Some officiants, like Flood, are so honored to do the honors that they have launched their own side business. She’s had business cards made up for times when she plans to charge strangers for her services.
Caveats for the big day
Some people have questioned whether New York State has actually meant to give online ministers the power to witness weddings.
The exact wording by the state Department of Health reads that one of the people who has the right to officiate a marriage is “a member of the clergy or minister who has been officially ordained and granted authority to perform marriage ceremonies from a governing church body in accordance with the rules and regulations of the church body.” This would appear to include online ministers.
But in a May 2018 article in Nassau Lawyer, the Nassau County Bar Association journal, lawyers Jessica Sola and Dana Finkelstein warned that until laws are modified such marriages could potentially be declared void by a court, if half of the couple wishing to divorce contests the validity of the union based on the officiant’s qualifications. That could be “disastrous” to the spouse seeking alimony and other benefits, they wrote in the article with the headline, “Wait, We’re Not Married?!”

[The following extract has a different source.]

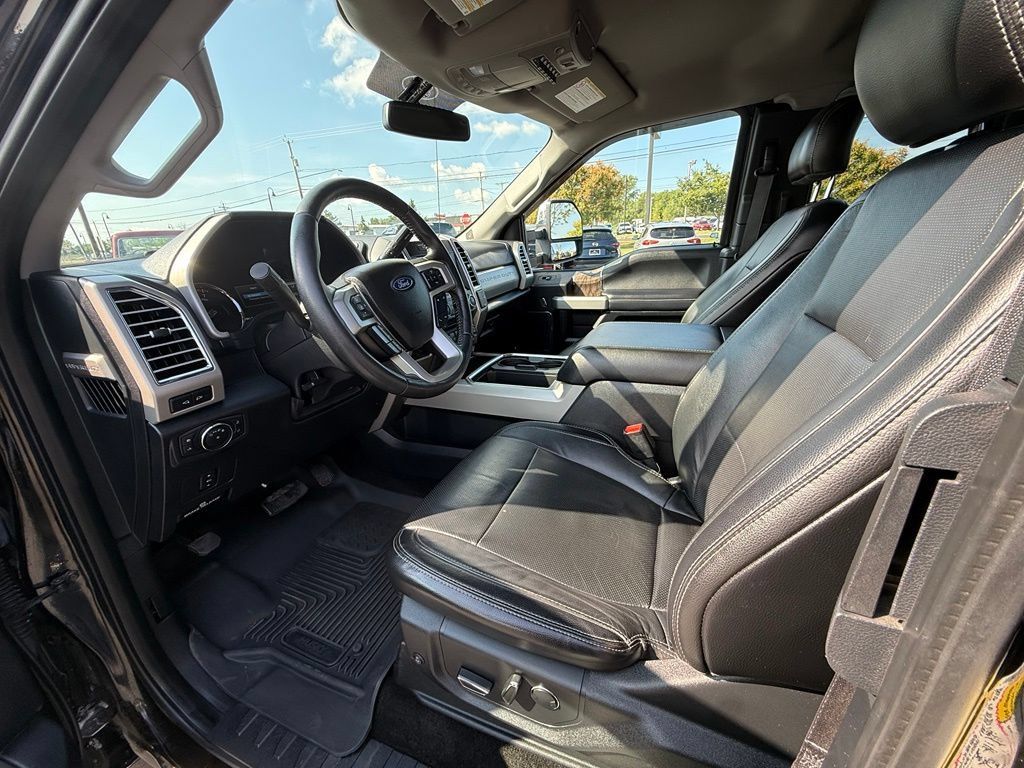 Used 2017 Ford F250 Lariat w/ Chrome Package AWD/4WD image 17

Divorce lawyer Bryan Salamone, who owns a Melville law firm specializing in divorce, said he’s handled thousands of separations over more than two decades and hasn’t seen this happen. If a couple is concerned, he said, they should also be married by a justice of the peace or other authorized official — then have their ordained friend or family member re-enact the public ceremony “when the groom kisses the bride.”
Bishop Lawrence Provenzano of the Episcopal Diocese of Long Island says he doesn’t consider officiants who are ordained online as actual members of the clergy, but rather people who are granted permission to act on behalf of the state. That doesn’t upset him, he said.

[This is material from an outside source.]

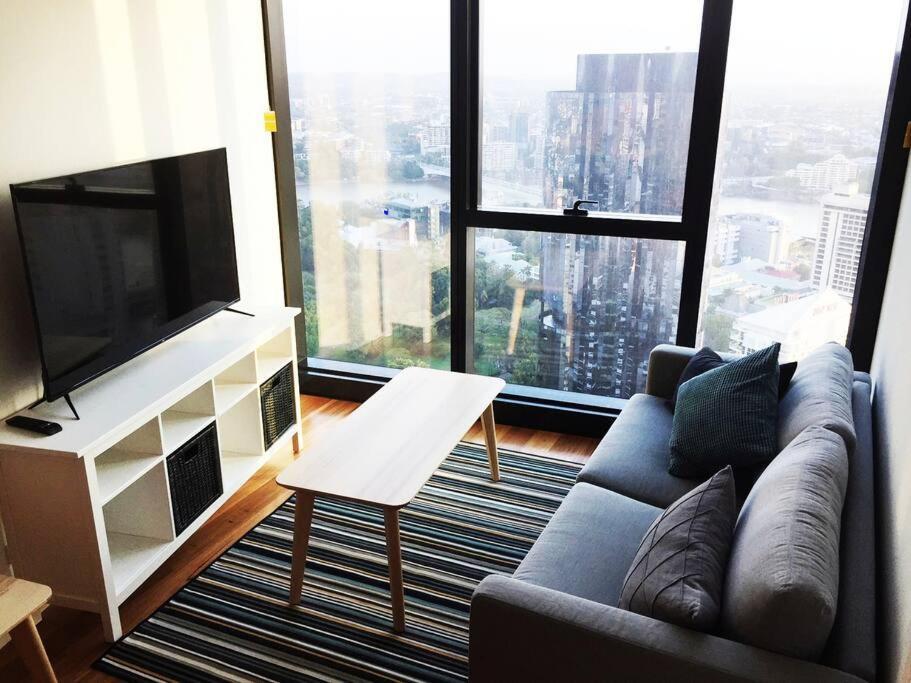 Centre With Glorious Views & Pool *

What concerns him, however, is what may be lost in this modernized process. Provenzano, who has been officiating at weddings for 38 years, won’t perform a ceremony without counseling the couple first. “I think it’s invaluable to meet with somebody who has training about this commitment that’s going to be made. I won’t do a wedding unless I meet with the couple at least four times.”
When Robert Vitelli, 44, and David Kilmnick, 51, married in 2012 in Sayville, they weren’t worried about such caveats. They wanted someone whom they looked up to, to perform their ceremony, and they asked the late Robert Hawkins, Kilmnick said.

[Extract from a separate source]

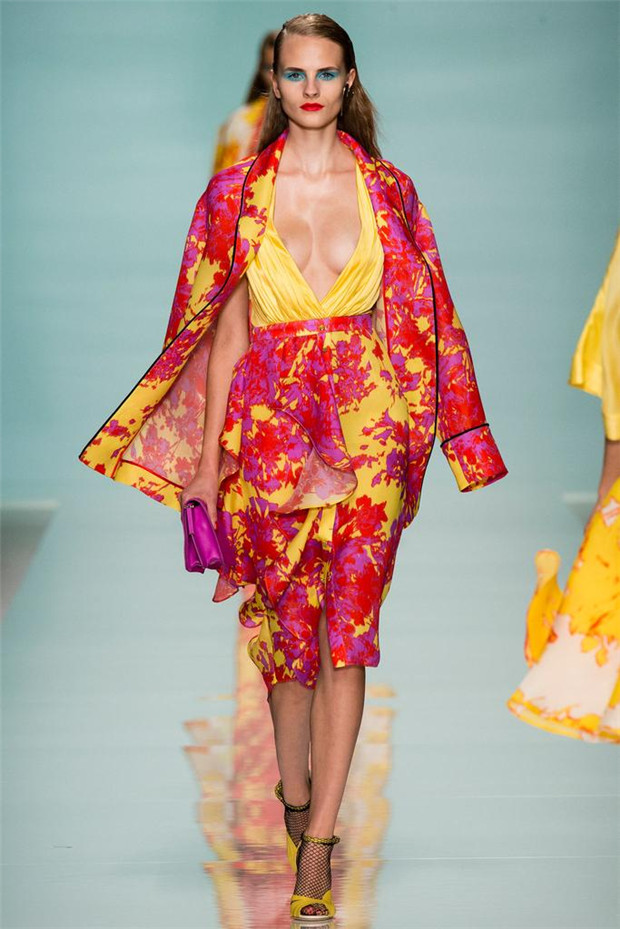 Emanuel Ungaro 2015春夏女裝流行發(fā)布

“He was one of my professors at Stony Brook University and became the first board chairman of the LGBT Network,” Kilmnick said. Kilmnick and Vitelli both work for the LGBT Network, which advocates for the gay community on Long Island.
Fear of bloopers
Brunson and Choinski plan to work hand-in-hand with Bevilacqua to create a lighthearted, fun ceremony for their upcoming Big Day. Brunson, a health care businessman, said he’s ecstatic to have what will soon be “our” grandmother running the show. “When you talk to Nanny about it, she just lights up,” Brunson said.
“It’s going to be fun working with them, picking out readings,” Bevilacqua said. “If you’re taking the religious part out, you have to fill it with something else, or you’re going to have a five-minute ceremony.”
Bevilacqua has been poring through advice online from other ministers who suggest putting the speech into large print, practicing it repeatedly so you aren’t just reading, and wearing something that identifies you as the officiant — Bevilacqua plans to don a stole.
“One woman wrote that she forgot to ask everybody to sit down until halfway through the ceremony,” Bevilacqua said. “My greatest fear is I’ll forget to do something important. Like maybe the vows, and then they won’t be married.”
Choinski isn’t worried about bloopers, she just wants her maternal grandmother up there with her. “Nanny” was there at her Sweet 16 and at her high school and college graduations.
“She was there through every single life milestone,” Choinski said. “This is the grand finale of milestones, as big as it gets.”